Algorithms

Posted by Monik, 19 February 2017.

Programming Algorithms

Complexity analysis and the most important algorithms.

Complexity analysis
Sorting & Search
Graph algorithms
- Minimum spanning tree
  - Prim’s algorithm
  - Kruskal algorithm
- Shortest path in weighted graph
  - Djikstra’s algorithm
Strings
- String matching
NP Completness
NP Hard problems
- Knapsack problem
- Travelling salesman problem

Complexity analysis

Random Access Machine

RAM stands here for Random Access Machine, and it is a computation model that we use to talk about algorithm time complexity:

+, -, *, =, if, call - is one step
memory access - is one step
loops and subroutines - is as many steps as many of the above they contain in all iterations

Algorithm properties

Stability of sorting: a stable sorting algorithm preserves the order of records with equal keys (source).

Numerical stability of algorithm: a numerically stable algorithm avoids magnifying small errors (source). Input :The algorithm must have input(atleast one) from the specified set.

Output : The algorithm must have atleast one output from the specified set of inputs.

Finiteness : The algorithm must terminate after finite number of steps.

Definiteness : All steps of algorithm must be precisely defined.

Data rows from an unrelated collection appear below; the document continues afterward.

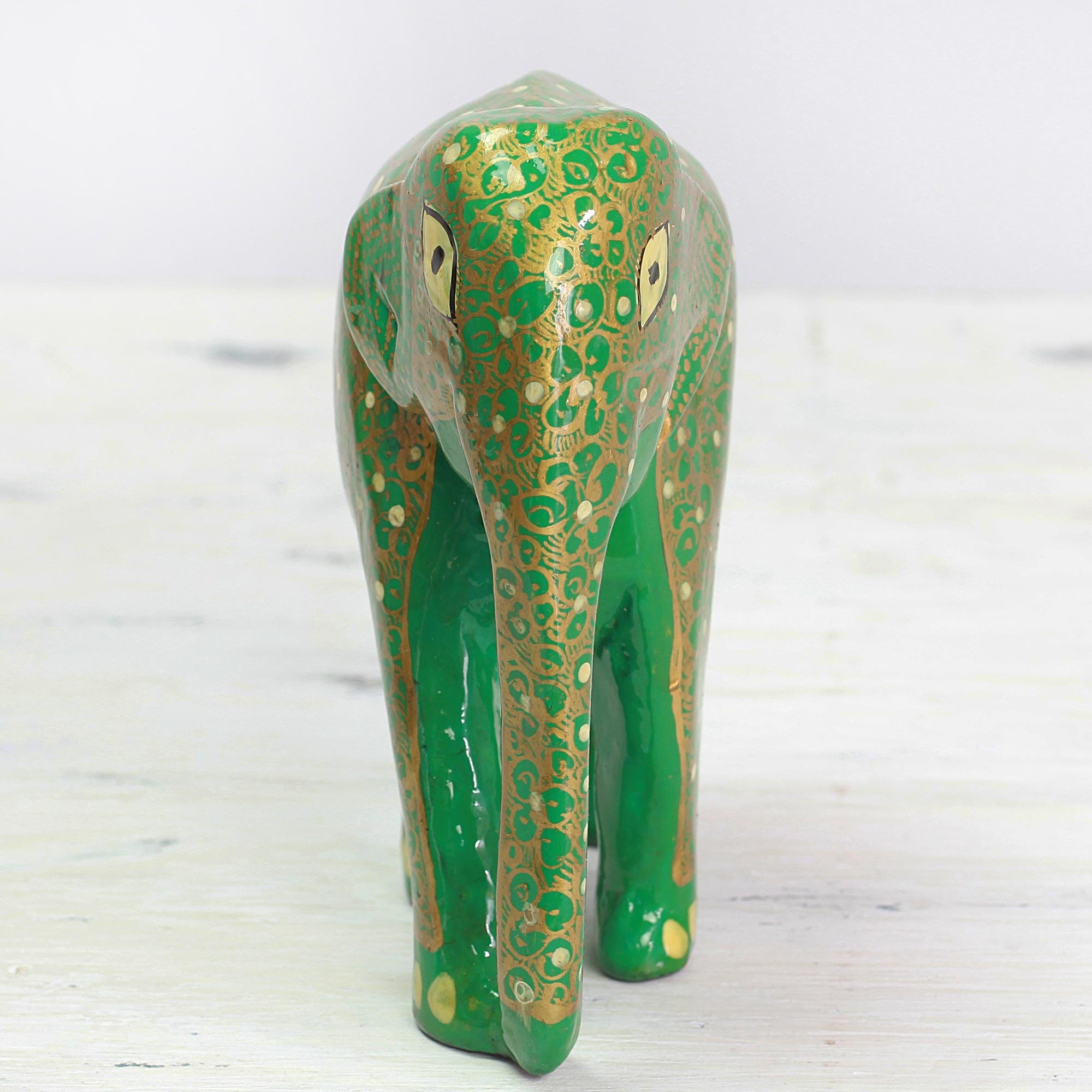 Papier Mache on Wood Green and Gold Elephant Sculpture - Wise Elephant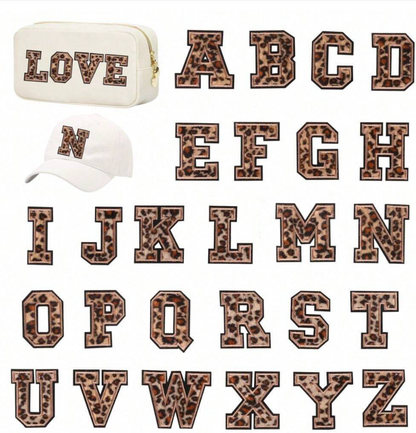SUPERVALUECHOICE HCSEYSF00005 Leopard Faux Fur Texture 26 Alphabet Letter Iron On Embroidered Patches Varsity Style Appliques for Denim Jeans Bag Personalized Craft Supply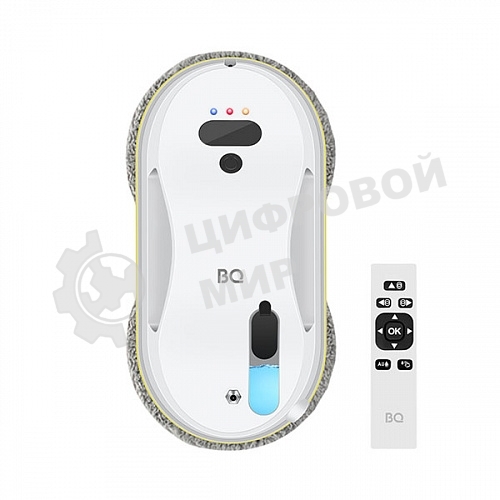 Робот-мойщик окон BQ WR200S белый. Мощность 80 Вт/Объем для чистящего средства 110мл/Параметры электропитания 100-240 В,50-60 Гц/Страховочный трос 4м/Минимальная рабочая зона 40х40см/Для всех видов гладких поверхностей: кафель, ламинат, стекло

Effectiveness: It must be possible to perform each step of algorithm correctly and in finite amount of time.

Complexity

We have two types of it:

time complexity
space complexity

Complexity is a (simplified) function of problem size (n) into time or space. We use the following notations:

Name	Symbol	Meaning
Big Oh	`O(g(n))`	Worst case (upper bound)
Theta	`Θ(g(n))`	Average case
Omega	`Ω(g(n))`	Best case (lower bound)

Examples:

3n²-100n+6 = O(n²) = O(n³)
3n²-100n+6 = Ω(n²) = Ω(n)
3n²-100n+6 = Θ(n²), because both Ω and O apply

We are usually interested in the pessimistic worst case, which is the “Big Oh notation”.

The complexities from worst to best:

n!, which is all permutations of set of n elements
2ⁿ, e.g. enumerating all subsets of a set
n³, e.g. some dynamic programming algorithms
n², e.g. insertion sort, selection sort
n*lg(n) - called also superlinear, e.g. quick sort, merge sort
n - linear
lg(n) - e.g. binary search, everything where we divide into halves
1 - single operations

Sorting & Search

Binary search

In a sorted list: take the middle element and compare to the searched one; either continue with the right or left half of the list (note do not copy the arrays, maintain start and end indices).

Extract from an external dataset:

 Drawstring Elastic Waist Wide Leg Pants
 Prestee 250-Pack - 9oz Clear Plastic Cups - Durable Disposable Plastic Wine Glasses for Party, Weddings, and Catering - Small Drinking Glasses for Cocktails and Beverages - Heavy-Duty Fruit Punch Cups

Each level of a binary tree has 2^level branches. The height of the tree with n leaves is log₂n, as log₂n = h <=> 2^h = n.

Time complexity: O(log(n))

Selection sort

Take first element and look for a “most smaller” one. Swap. Take second, and so on.

Time complexity: Θ(n²)

Insertion sort

Take each element and pull it to the beginning of the array until it’s in the right place (constant swapping).

Time complexity: O(n²)

Merge sort

Merge sort each half of the array, and then merge 2 parts together in order.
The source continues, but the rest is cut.